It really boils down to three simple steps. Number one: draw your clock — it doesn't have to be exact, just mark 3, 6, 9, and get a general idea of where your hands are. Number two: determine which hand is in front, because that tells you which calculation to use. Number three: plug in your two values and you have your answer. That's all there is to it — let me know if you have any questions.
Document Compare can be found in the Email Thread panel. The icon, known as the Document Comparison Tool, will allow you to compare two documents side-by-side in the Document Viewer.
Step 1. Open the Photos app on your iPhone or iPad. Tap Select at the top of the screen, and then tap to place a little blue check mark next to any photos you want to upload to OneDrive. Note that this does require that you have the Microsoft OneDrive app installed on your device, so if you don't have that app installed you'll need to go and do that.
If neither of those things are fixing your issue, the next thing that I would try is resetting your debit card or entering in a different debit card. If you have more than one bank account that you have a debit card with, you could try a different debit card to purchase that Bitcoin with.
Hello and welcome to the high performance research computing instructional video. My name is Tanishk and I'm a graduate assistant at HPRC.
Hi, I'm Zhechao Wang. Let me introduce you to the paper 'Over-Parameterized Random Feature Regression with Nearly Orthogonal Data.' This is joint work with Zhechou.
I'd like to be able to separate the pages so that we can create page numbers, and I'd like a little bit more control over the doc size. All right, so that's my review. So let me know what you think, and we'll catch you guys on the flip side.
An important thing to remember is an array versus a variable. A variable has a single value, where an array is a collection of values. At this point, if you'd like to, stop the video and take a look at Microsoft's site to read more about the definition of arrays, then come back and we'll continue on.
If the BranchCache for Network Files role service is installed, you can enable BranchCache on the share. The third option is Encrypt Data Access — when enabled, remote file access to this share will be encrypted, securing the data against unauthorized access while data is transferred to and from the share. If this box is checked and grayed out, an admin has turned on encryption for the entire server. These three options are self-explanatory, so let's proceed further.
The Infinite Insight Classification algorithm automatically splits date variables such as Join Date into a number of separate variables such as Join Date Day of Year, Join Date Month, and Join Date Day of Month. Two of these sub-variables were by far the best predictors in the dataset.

[Work to be completed]:
Locate and copy each line in the data above that includes the word "values".

[Solution for this exercise]:
It really boils down to three simple steps. Number one: draw your clock — it doesn't have to be exact, just mark 3, 6, 9, and get a general idea of where your hands are. Number two: determine which hand is in front, because that tells you which calculation to use. Number three: plug in your two values and you have your answer. That's all there is to it — let me know if you have any questions.
An important thing to remember is an array versus a variable. A variable has a single value, where an array is a collection of values. At this point, if you'd like to, stop the video and take a look at Microsoft's site to read more about the definition of arrays, then come back and we'll continue on.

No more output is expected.